◆ Exercise objective
A faithful copy of the data is what is wanted, minus any pictures.

◆ Given data

+ + + + + + +

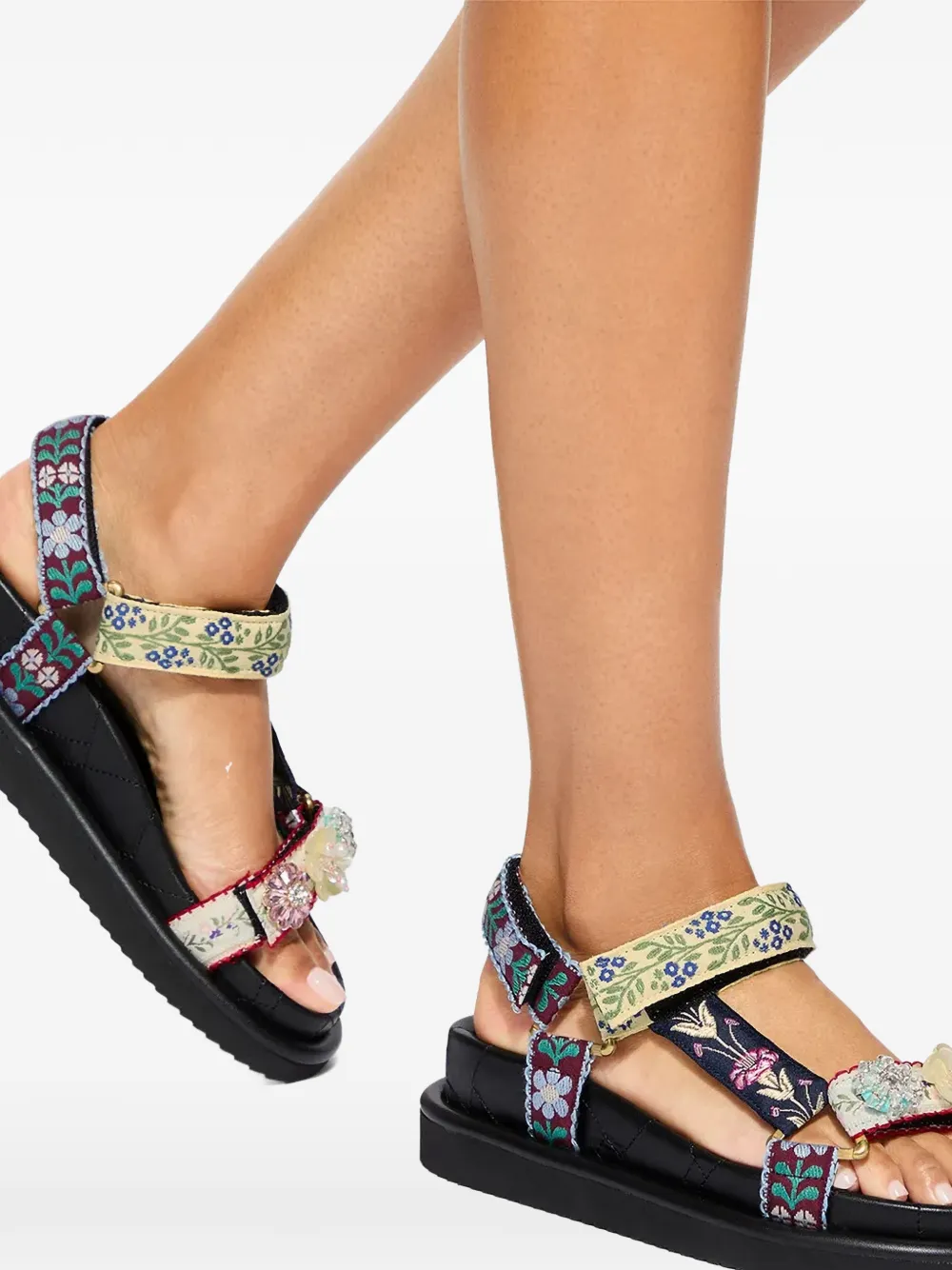 Kurt Geiger London floral-embroidered crystal-embellished sandals Blauw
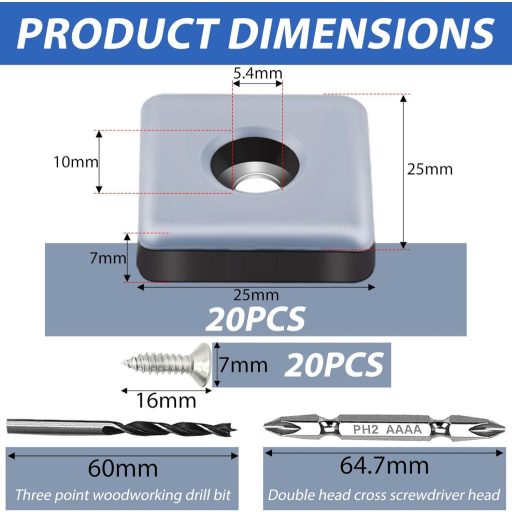 TXErfolg teflónové klzáky 20 ks 25 mm skrutkovacie, štvorcové, ochrana podlahy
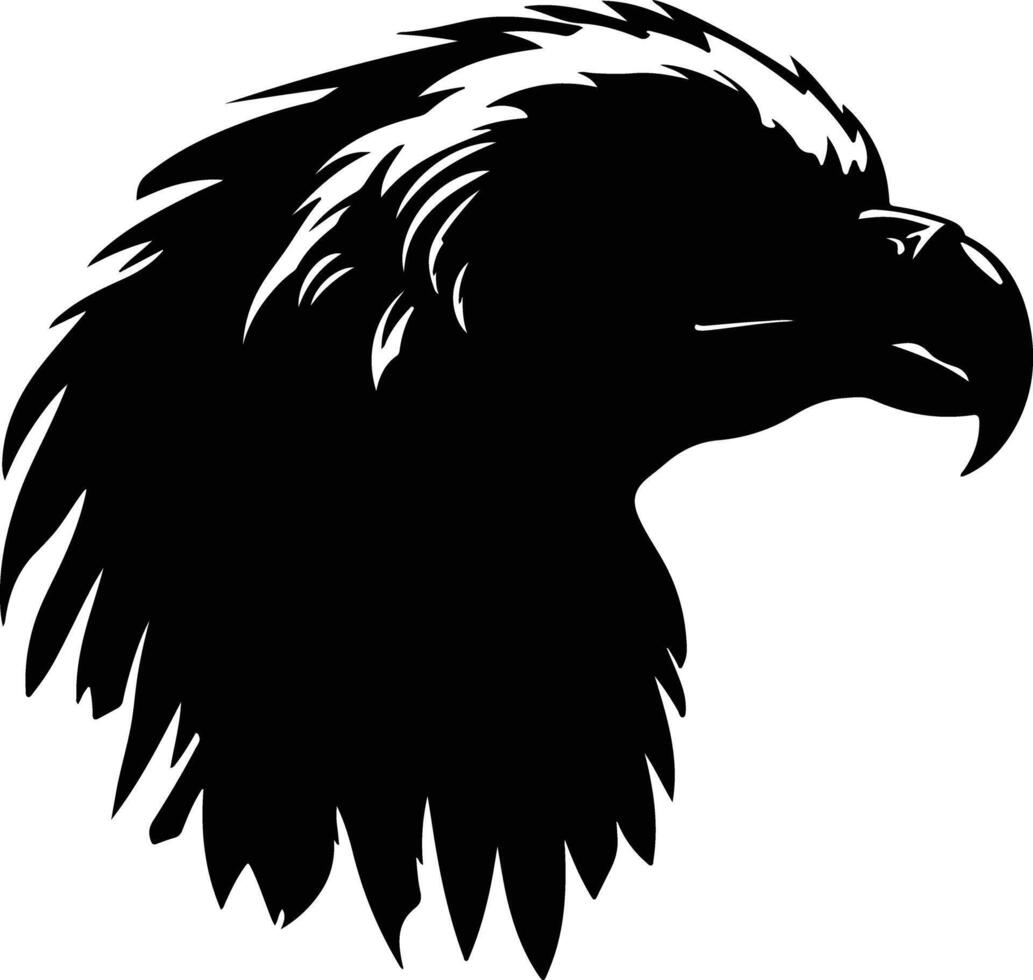 adorable Black silhouette of vulture head vector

+ + + + + + +

◆ Answer box
 Kurt Geiger London floral-embroidered crystal-embellished sandals Blauw
 TXErfolg teflónové klzáky 20 ks 25 mm skrutkovacie, štvorcové, ochrana podlahy
 adorable Black silhouette of vulture head vector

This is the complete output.